Data excerpts »
* * *

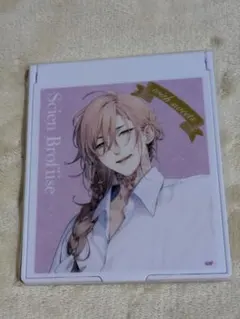 オトメイト “with sweets” B’s-LOGくじ シアン ミラー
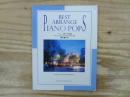 ツェルニー30番から40番程度 　ベスト・アレンジ・ポップス・ピアノ 「星に願いを」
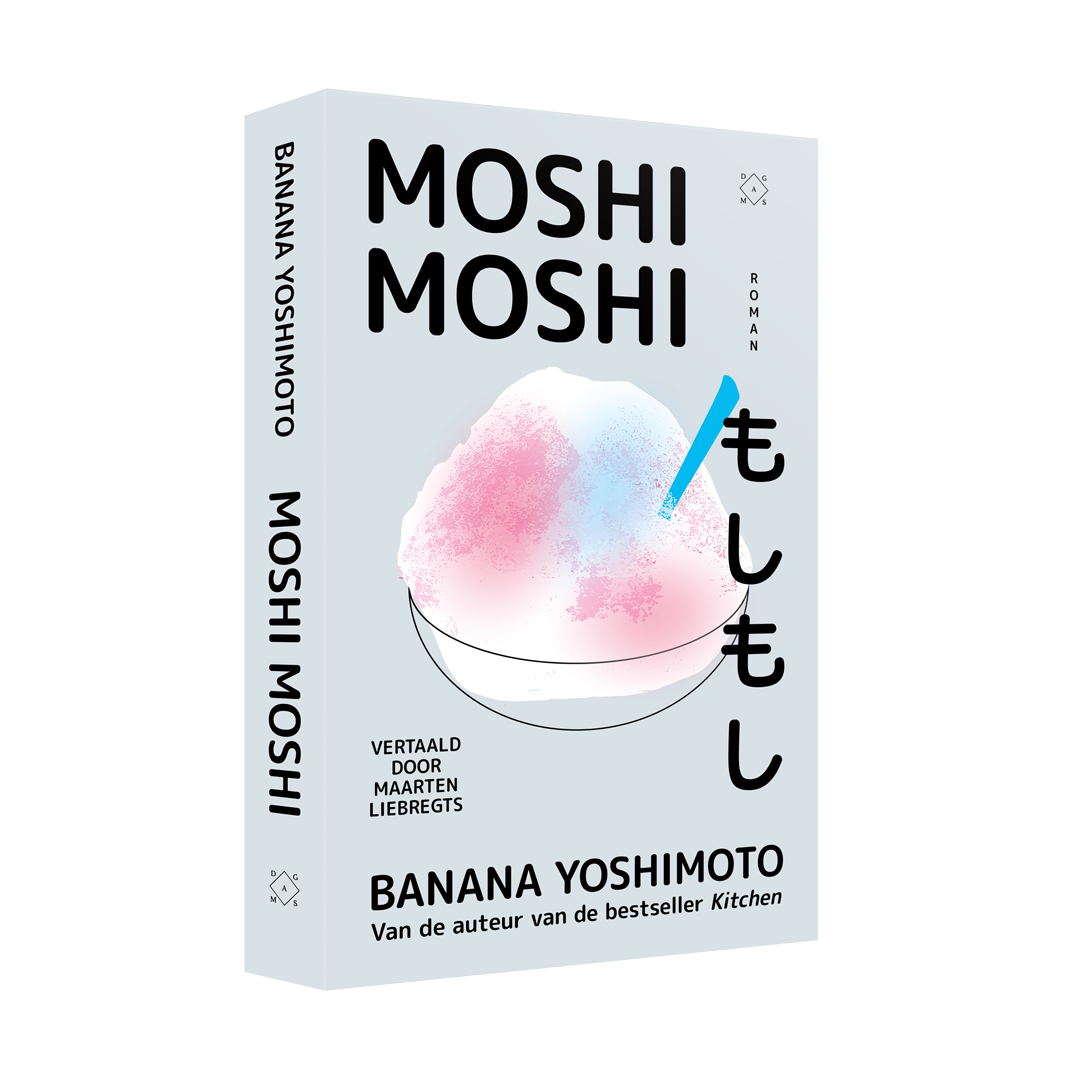 Utrechts leesclubfestival: Maarten Liebregts – ‘Moshi moshi’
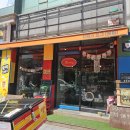 디지스도그 이미지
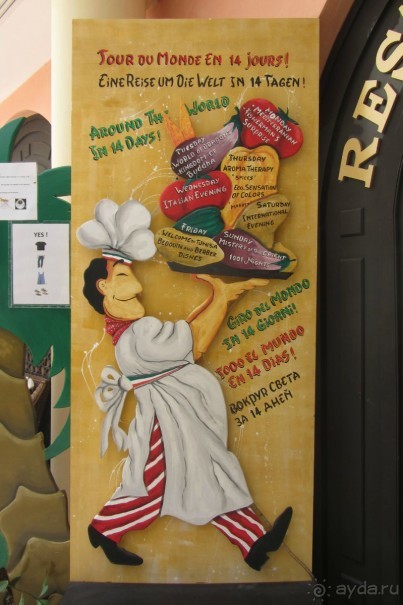 И снова мой любимый Paradis!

* * *

What you have to do »
Print out every record above exactly as given. Do not include the pictures.

Answer to this exercise »
 オトメイト “with sweets” B’s-LOGくじ シアン ミラー
 ツェルニー30番から40番程度 　ベスト・アレンジ・ポップス・ピアノ 「星に願いを」
 Utrechts leesclubfestival: Maarten Liebregts – ‘Moshi moshi’
 디지스도그 이미지
 И снова мой любимый Paradis!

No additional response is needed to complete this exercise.